> _MATERIAL SHOWN_
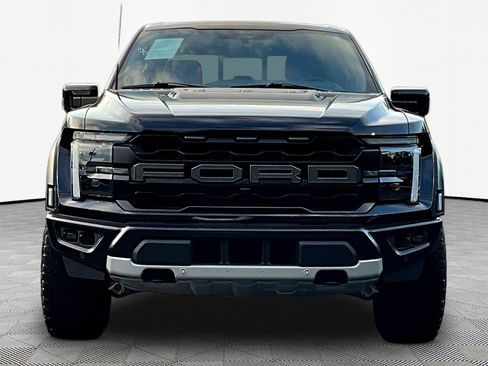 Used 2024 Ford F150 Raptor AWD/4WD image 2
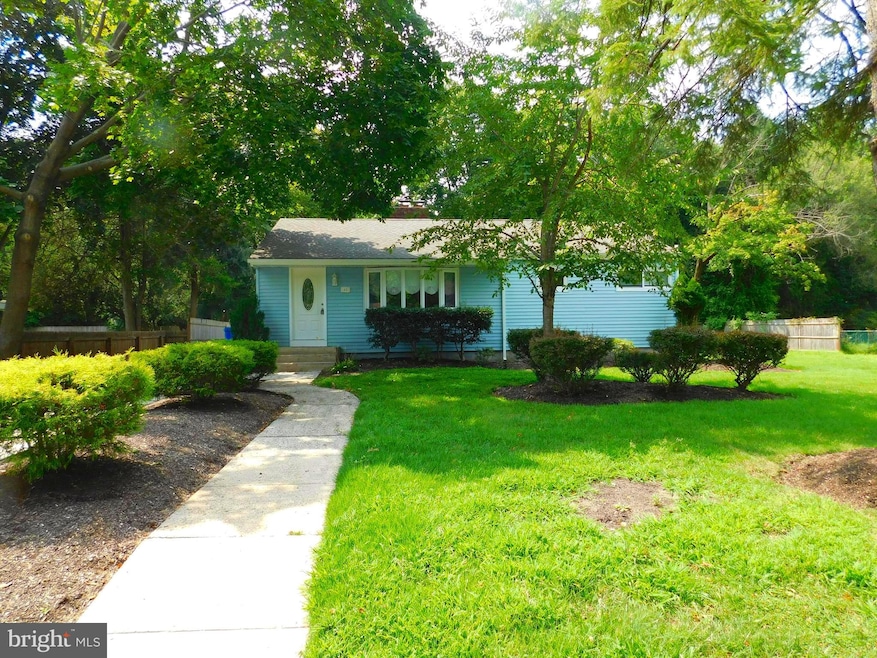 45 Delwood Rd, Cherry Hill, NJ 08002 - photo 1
---
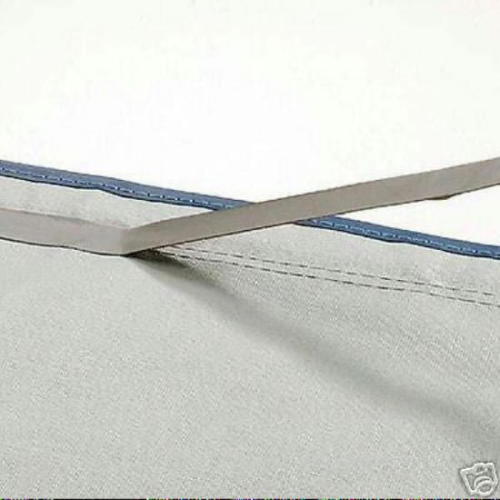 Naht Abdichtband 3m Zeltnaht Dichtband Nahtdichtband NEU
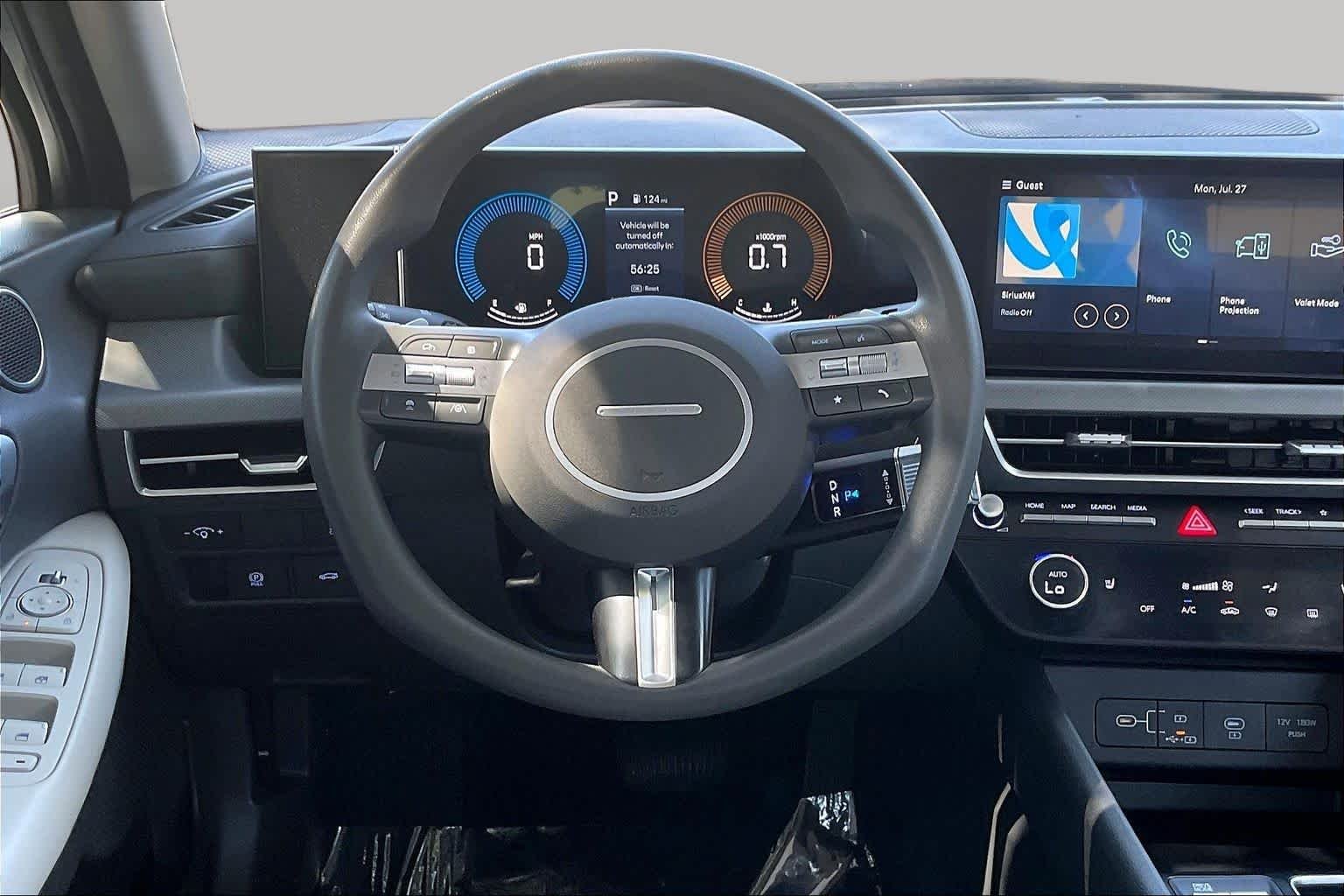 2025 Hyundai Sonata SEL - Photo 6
--
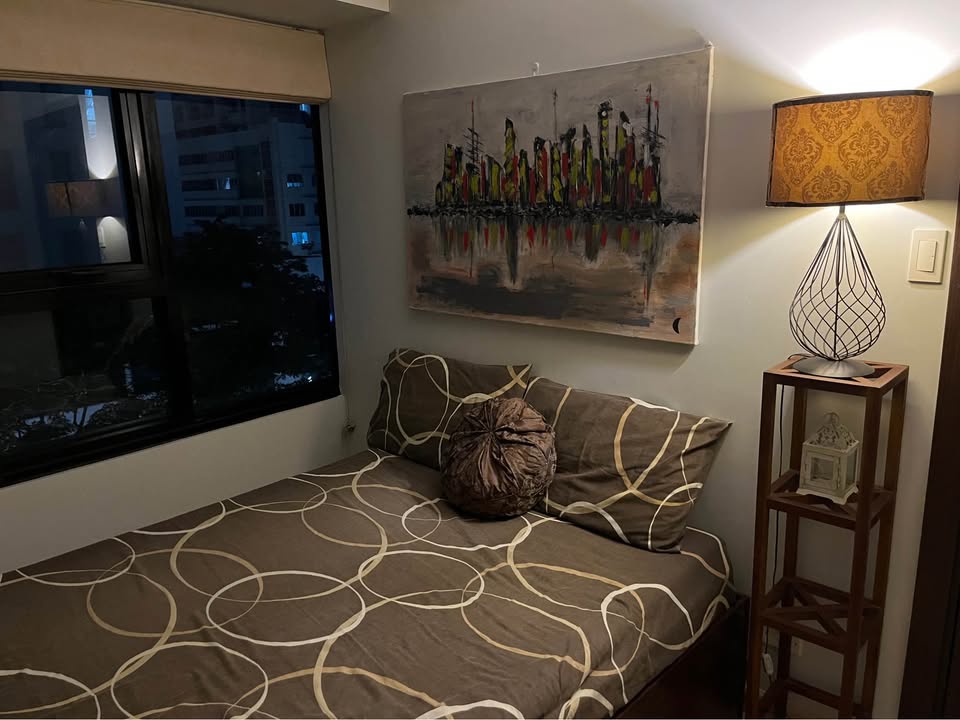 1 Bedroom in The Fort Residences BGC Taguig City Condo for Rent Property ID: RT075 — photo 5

> _TASK TO CARRY OUT_
Set down again, word for word, every line from the one with "Used 2024 Ford F150 Raptor AWD/4WD image 2" to the one with "45 Delwood Rd, Cherry" in the entries above, and omit the pictures.

> _RESULT OF THE EXERCISE_
 Used 2024 Ford F150 Raptor AWD/4WD image 2
 45 Delwood Rd, Cherry Hill, NJ 08002 - photo 1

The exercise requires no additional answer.